- **What you should do**
Copy the data exactly, pictures aside.

Top of Available data

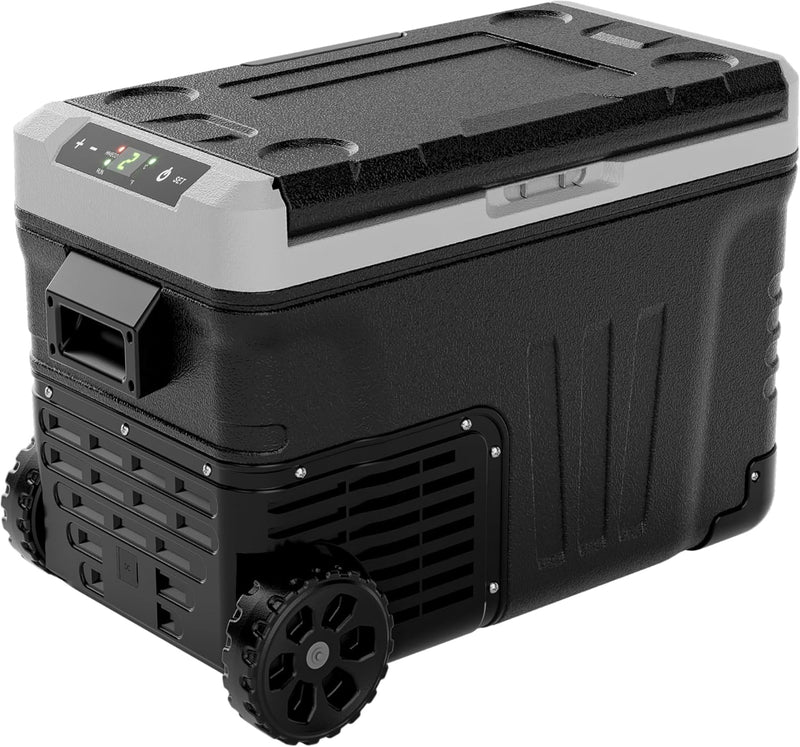 12 Volt Refrigerator, 37QT(35L) Electric Cooler, Portable Freezer 12V/24V DC 110-240V AC, 12V Fridge -4℉~68℉, 12V Cooler with Wheels & 2 Baskets for Travel, Truck, Boat, Camping P9894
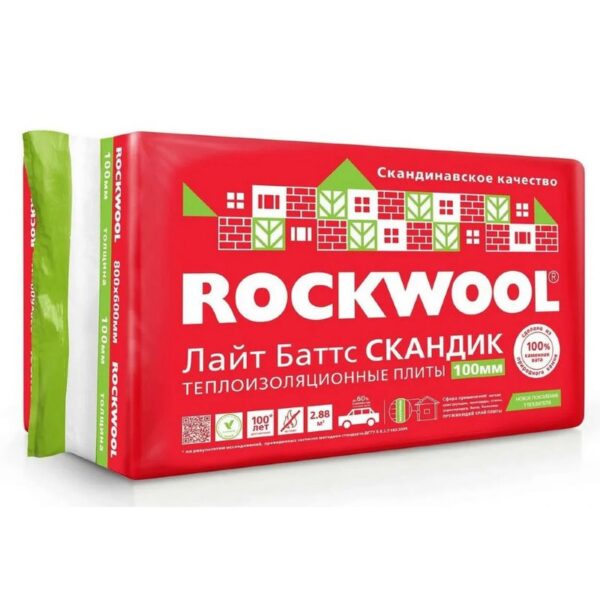Базальтовая вата Rockwool Лайт Баттс Скандик 800х600х50 мм 12 шт (до 35 кг/м3; 0
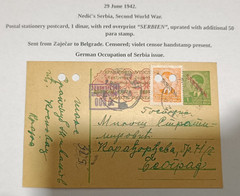 Germany 1942 Serbia WWII Yugoslavia, censored postal stationery sent to Belgrade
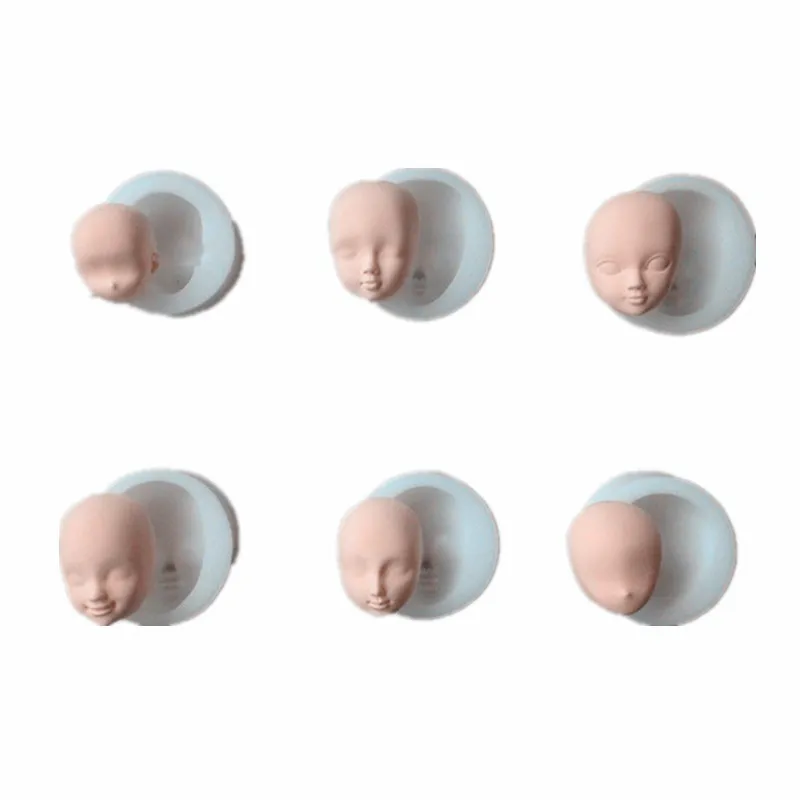 SNASAN 3D Doll Facemold Super Light Clay Soft Pottery Sugar Face Mold Silicone Mould UV Epoxy Pendant Mold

Bottom of Available data

- **Exercise response**
 12 Volt Refrigerator, 37QT(35L) Electric Cooler, Portable Freezer 12V/24V DC 110-240V AC, 12V Fridge -4℉~68℉, 12V Cooler with Wheels & 2 Baskets for Travel, Truck, Boat, Camping P9894
Базальтовая вата Rockwool Лайт Баттс Скандик 800х600х50 мм 12 шт (до 35 кг/м3; 0
 Germany 1942 Serbia WWII Yugoslavia, censored postal stationery sent to Belgrade
 SNASAN 3D Doll Facemold Super Light Clay Soft Pottery Sugar Face Mold Silicone Mould UV Epoxy Pendant Mold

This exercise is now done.